Différents partenaires à l’export sont par ailleurs mobilisés pour cette journée. En 2018, on a noté la présence de l’Agence française de développement (AFD), Business France, la Banque publique d’investissement (BPI) France ou encore le Mouvement des entreprises de France (Medef), pour ne citer que ceux-là. L’évènement, qui s’apparente à un speed datingéconomique, s’est déroulé le 27 août. Il a consisté en des entretiens de 15 minutes agencés au bénéfice de 400 entrepreneurs, qui ont pu dialoguer de manière personnalisée avec 172 ambassadeurs. Qu’ils soient dirigeants de TPE, PME, start-up ou ETI françaises, ils s’étaient inscrits dès le mois de mai pour participer à cette journée. Ils ont fait part à leurs interlocuteurs de leurs projets à l’international, et ont obtenu des informations sur les opportunités de croissance dans les pays visés. Ils ont également eu l’opportunité de discuter des difficultés éventuelles rencontrées sur certains marchés, et bénéficier de l’appui des services des ambassades et opérateurs.
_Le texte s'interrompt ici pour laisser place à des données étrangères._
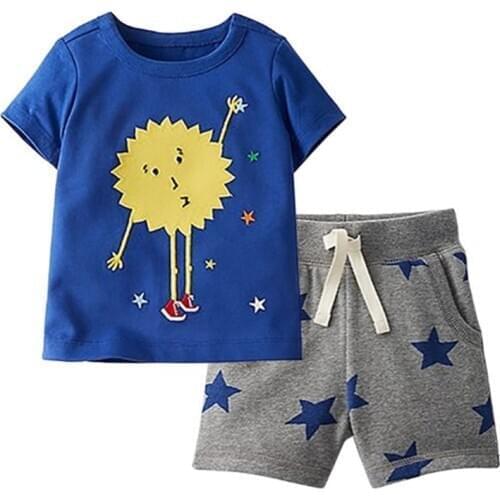 2019 Fashion Baby Boys 2 pcs/sets short sleeved cartoon T- shirt + Drawstring pants boy love dinosaur tiger shorts for 2-7 year
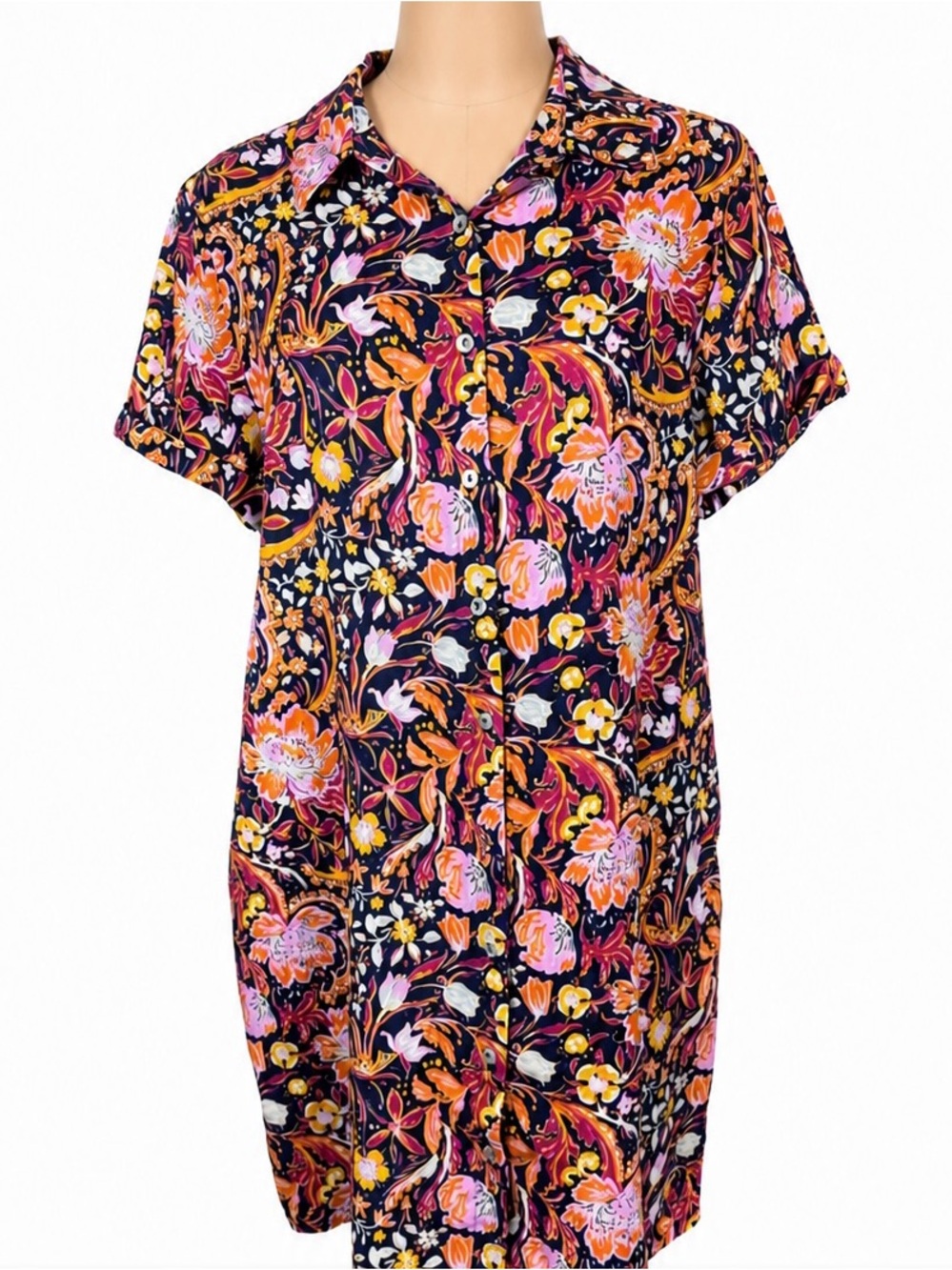 Tahari 100% Euro Linen Shirt Dress Lg Navy Floral Button Front Resort Vacation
Une nouveauté est apparue cette année : l’immersion directe des ambassadeurs dans les territoires métropolitains français. Ce à la demande du Ministre de l’Europe et des Affaires étrangère Jean-Yves Le Drian. Le 31 août, 112 ambassadeurs se sont ainsi déplacés en régions pour clôturer la Conférence. Parmi eux, 13 se sont rendus en Provence - Alpes - Côte-d’Azur. Ils se sont vu présenter le concept du campus d’innovation dédié à la ville de demain et aux nouvelles technologies, TheCamp,fondé par quatre étrangers venus investir en Provence. « La diplomatie est en mutation. Elle ne réside plus uniquement à Paris, et les régions aussi ont des choses à dire »,a lancé à cette occasion Xavier Driencourt, ambassadeur en Algérie, aux journalistes du média régional GoMet’.